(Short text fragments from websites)
# # # #

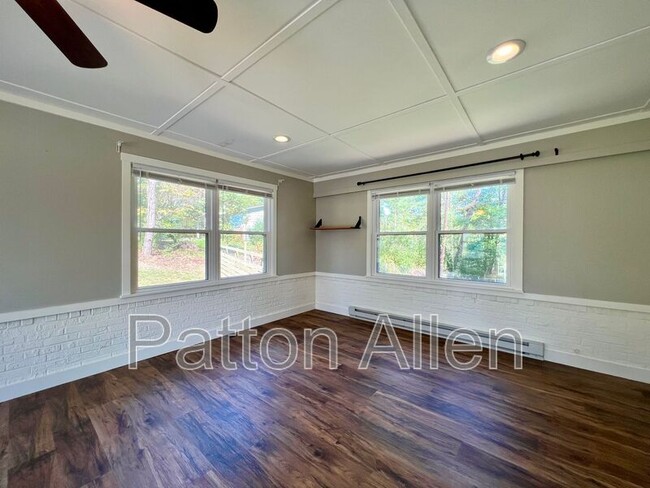 Building Photo - 3 Mt Royal Dr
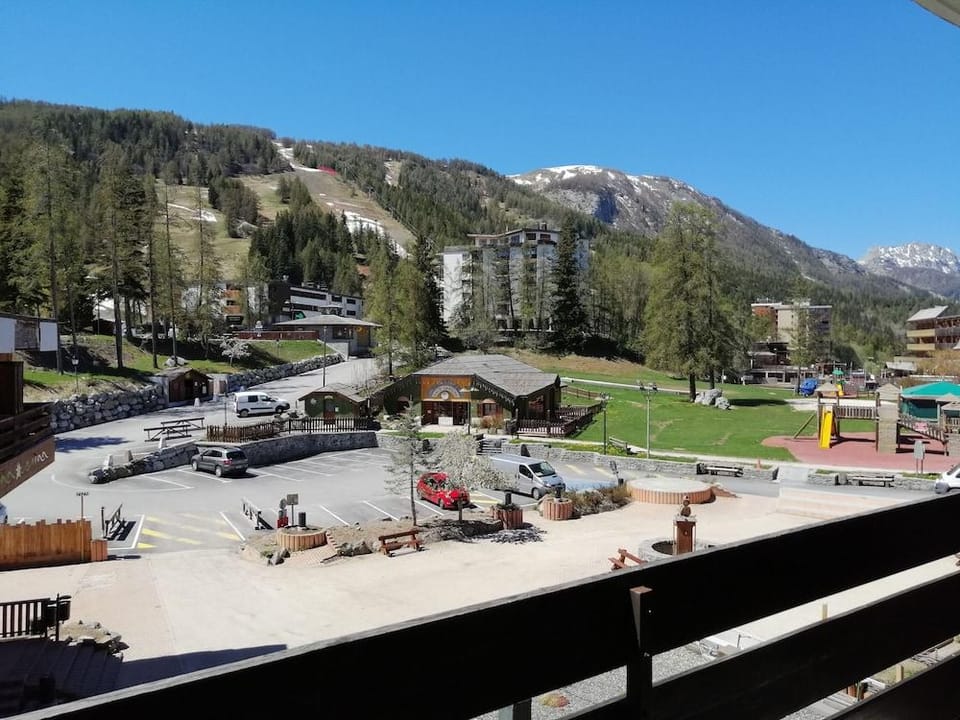 Godille Immobilier Hotel in Uvernet-Fours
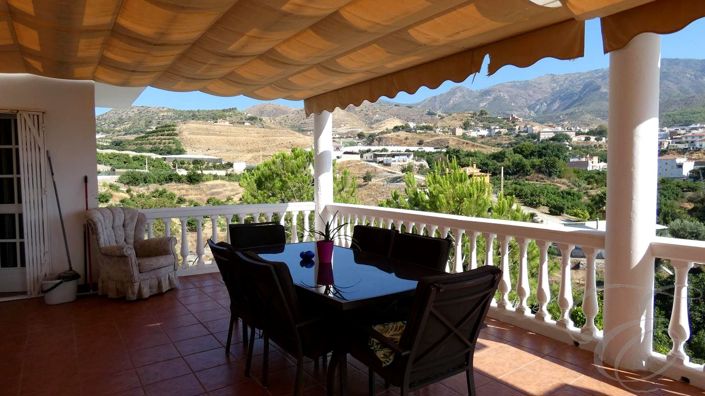 Image No.11-5 Bed Property for sale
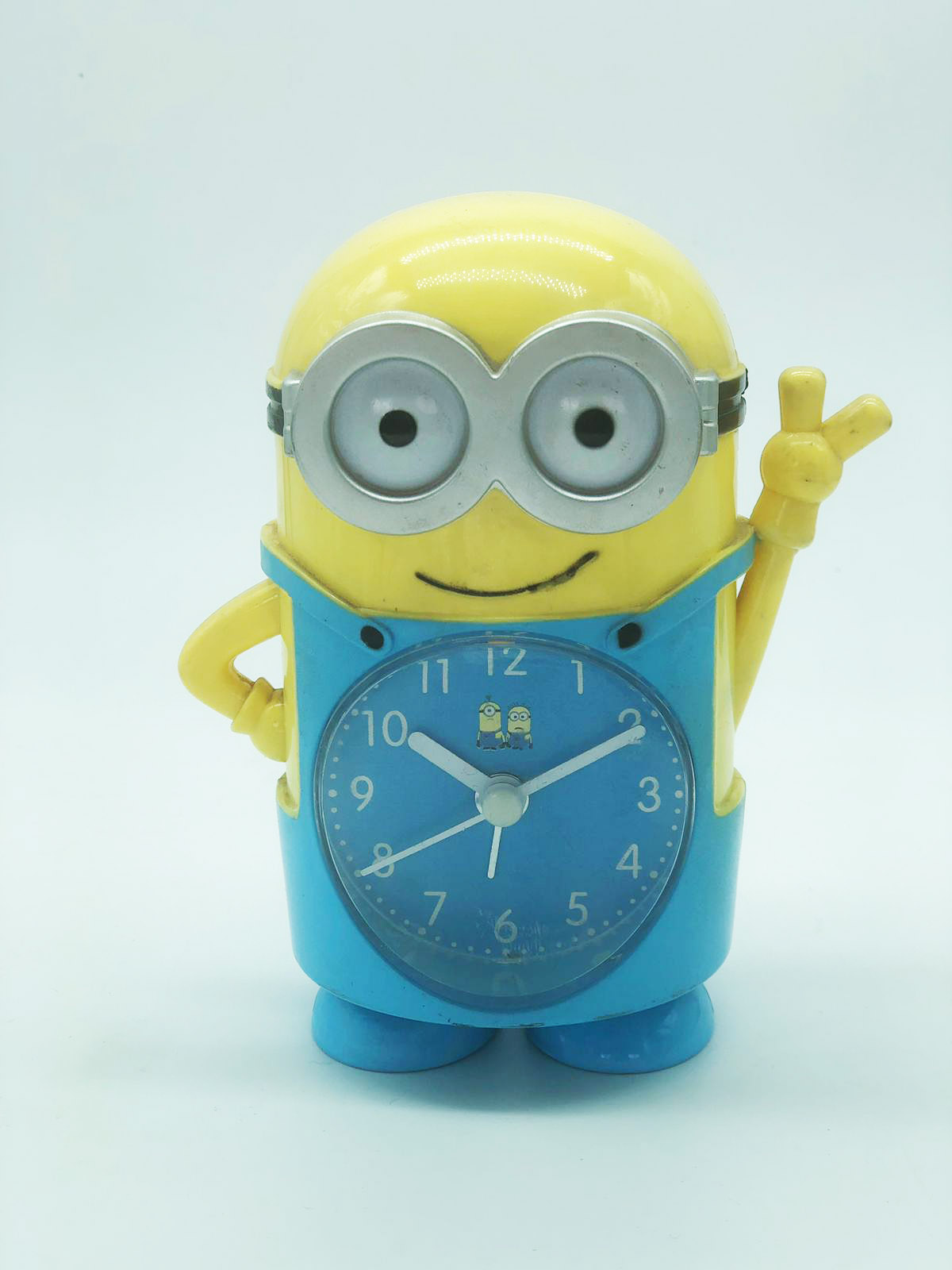 Cute Minion Analog Clock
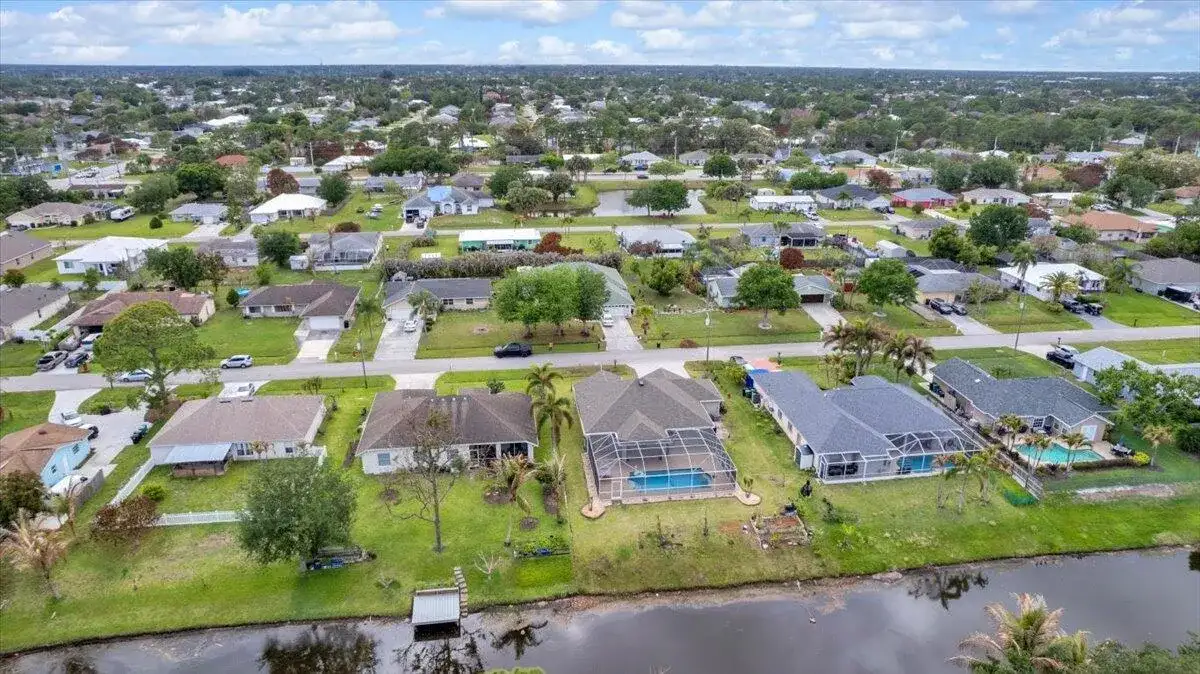 249 SE Whitmore Drive, Port St. Lucie FL 34984 photo 3
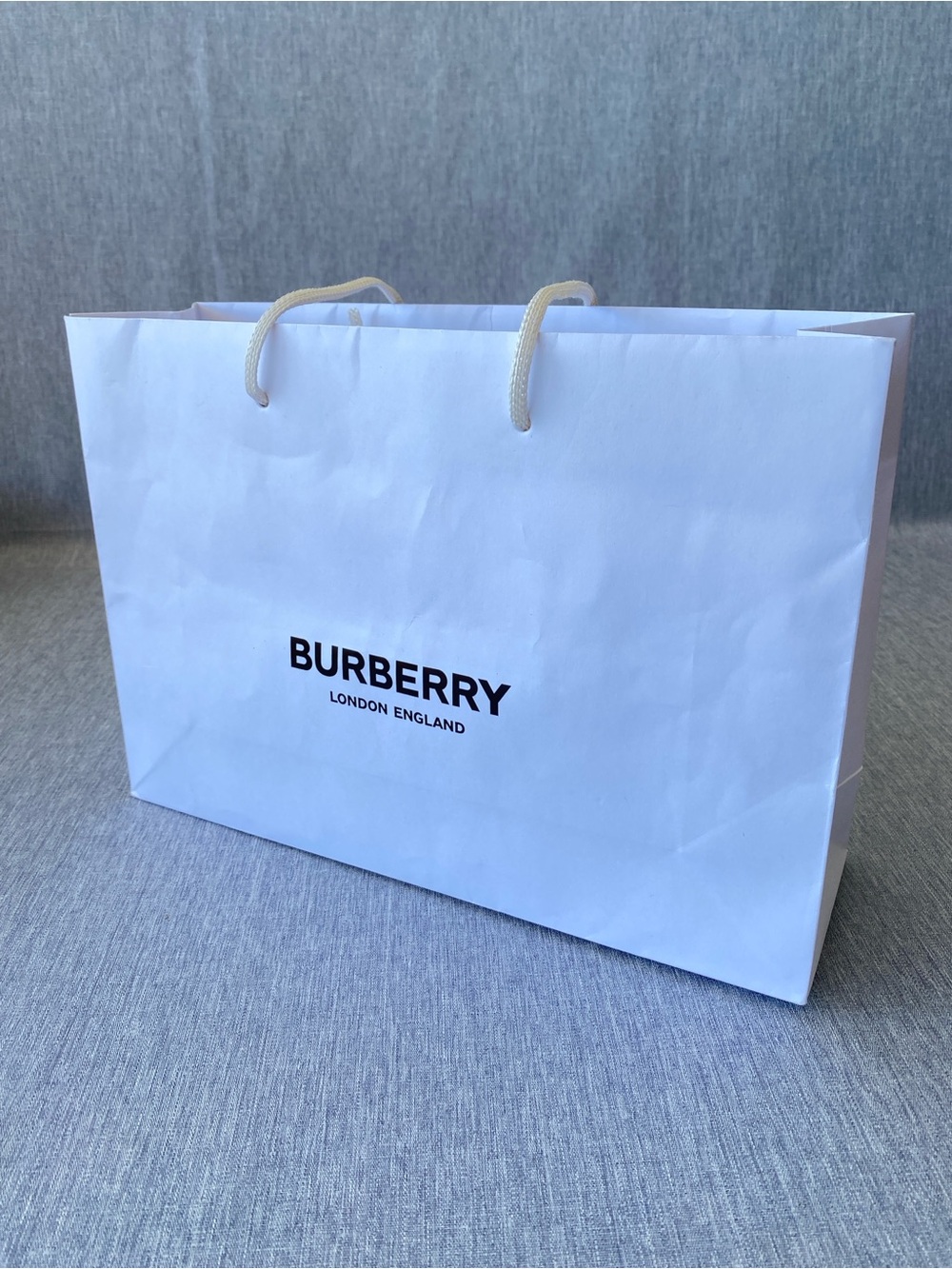 Authentic Burberry | White Shopping Bag with Black Logo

# # # #

Assignment:
Transcribe exactly, and only, the lines from the one containing "249 SE Whitmore" through the last line of the records above, both included; leave out the pictures.

Reply:
 249 SE Whitmore Drive, Port St. Lucie FL 34984 photo 3
 Authentic Burberry | White Shopping Bag with Black Logo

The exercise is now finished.